Enero
Llegan nuevos vecinos al edificio. Concretamente, al piso de abajo, el del patio que observo desde mi piso. Veo sus enseres y a los mudanceros, que dejan la escalera trufada de colillas como Hansel y Gretel. No veo a los vecinos, pero he aprendido a deducir cosas a partir de lo que apilan en el patio.
Los anteriores, por ejemplo, tenían patinetes, monociclos y skateboards. Eran una pareja de modernitos de Barcelona, la ciudad donde transportarse de forma convencional está prohibido.
Marzo
Estoy empezando a hartarme de la tos de la vecina, que retumba por el patio cada mañana a las 6. No deja de fumar, ya que el olor de sus cigarrillos también sube sin faltar un día.
“Pobre”, pienso a ratos. “A ver si se muere pronto”, pienso en otras ocasiones.
Con frecuencia, el tío con el que vive y ella están en la cocina. Preparan la cena juntos, como si de una romcom se tratara. Bajo el volumen de mis auriculares, porque no soy nada chismosa, pero me gusta estar informada.

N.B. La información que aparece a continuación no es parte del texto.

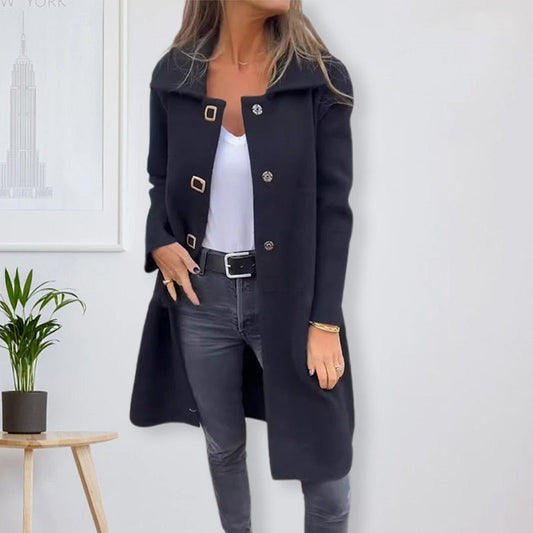 🔥HOT SALE 50% OFF🔥Women’s Solid Color Lapel Button Front Coat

En algún momento, la cosa se tuerce y el tío empieza a imitar a un ciervo en celo. Berrea que tiemblan las ventanas. Sufro por ella, y maldigo al cromañón que la acompaña. Hay paz y al cabo de un rato, se invierten los papeles. La voz de la mujer empieza a elevarse, y suenan frases como “Eres un mierda, como tu padre”. Pienso que son una pareja tóxica y lamentable.

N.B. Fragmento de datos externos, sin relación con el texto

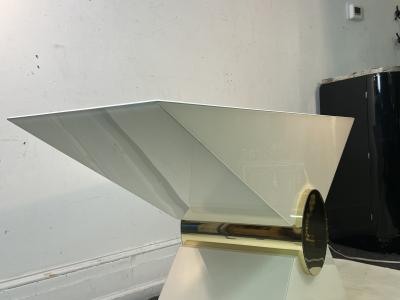 Pierre Cardin MODERNIST WHITE LUCITE AND GOLD ACCENT TRIANGULAR CONSOLE BY PIERRE CARDIN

A la mañana siguiente, la tos cavernosa de mi vecina de nuevo me acompaña mientras me ducho.
Verano
Que los turistas se agolpen en las calles de Barcelona (y alrededores) en los meses estivales es incomprensible para los que vivimos aquí. Nosotros soñamos con mudarnos a Laponia y vivir en un iglú donde se te congelen hasta los mocos.

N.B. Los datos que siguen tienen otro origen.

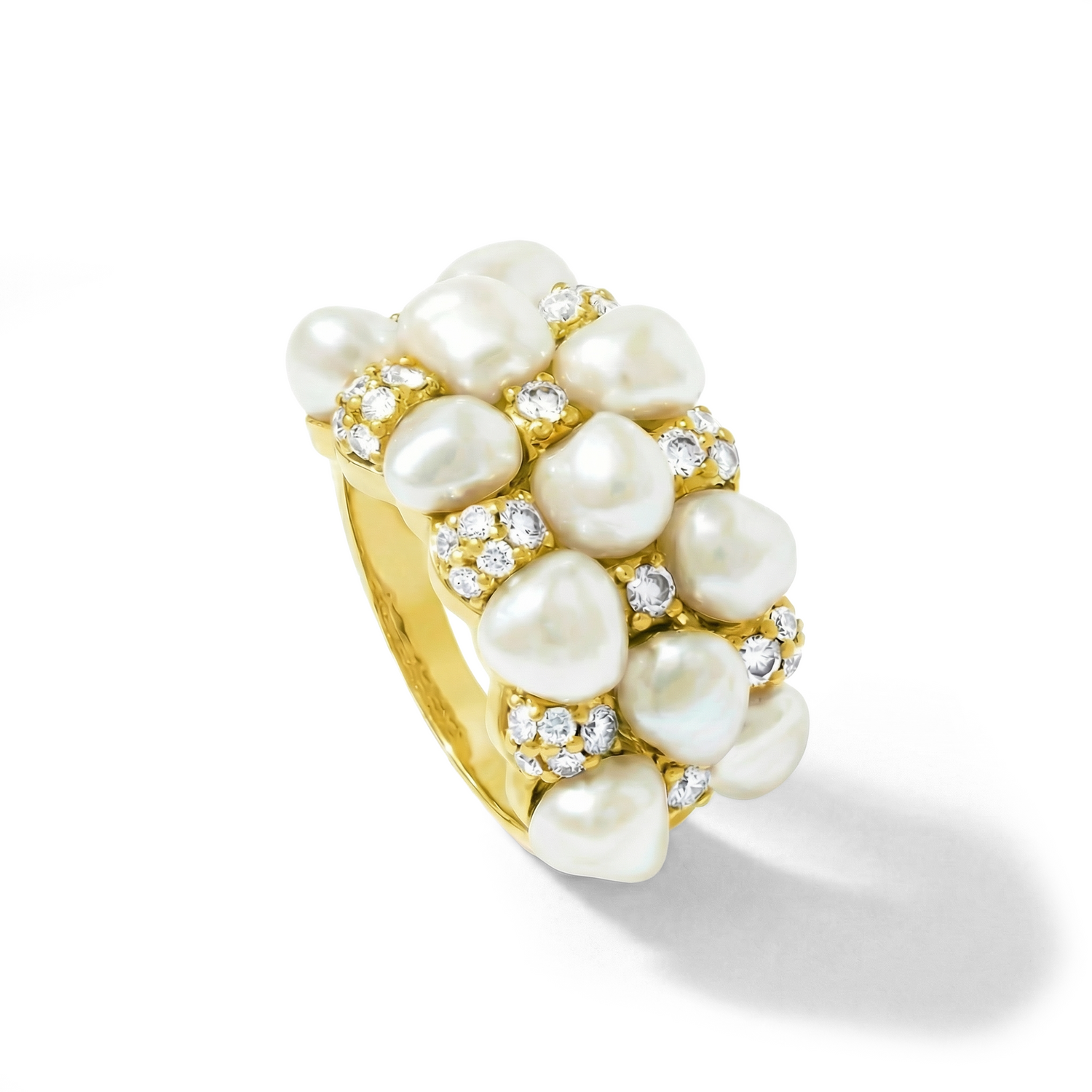 Keshi & Diamond Ring 18KYG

Con todo abierto, no puedo dejar de oír las toses de la vecina, ni puedo impedir que el olor a humo impregne mis utensilios de cocina. Si cierro las ventanas, me encontrarán muerta de un golpe de calor. Este mes ya han palmado tres viejos así en el barrio, de esos que no pueden pagar la factura de la luz.
Decido bajar a confrontar a esa persona, a la que he llegado a despreciar, tras unos mesecitos de expectoración y peleas cíclicas.
“Qué asco de vida tiene esta persona, qué pena me da”, pienso mientras bajo la escalera, dispuesta a exigirle aún no sé muy bien qué.
Llamo al timbre, envuelta en indignación y superioridad. Una voz que, a esta distancia corta, me suena extrañamente familiar, me responde un desganado “Voooooy”.
La puerta se abre y me veo. La yo de hace veinte años.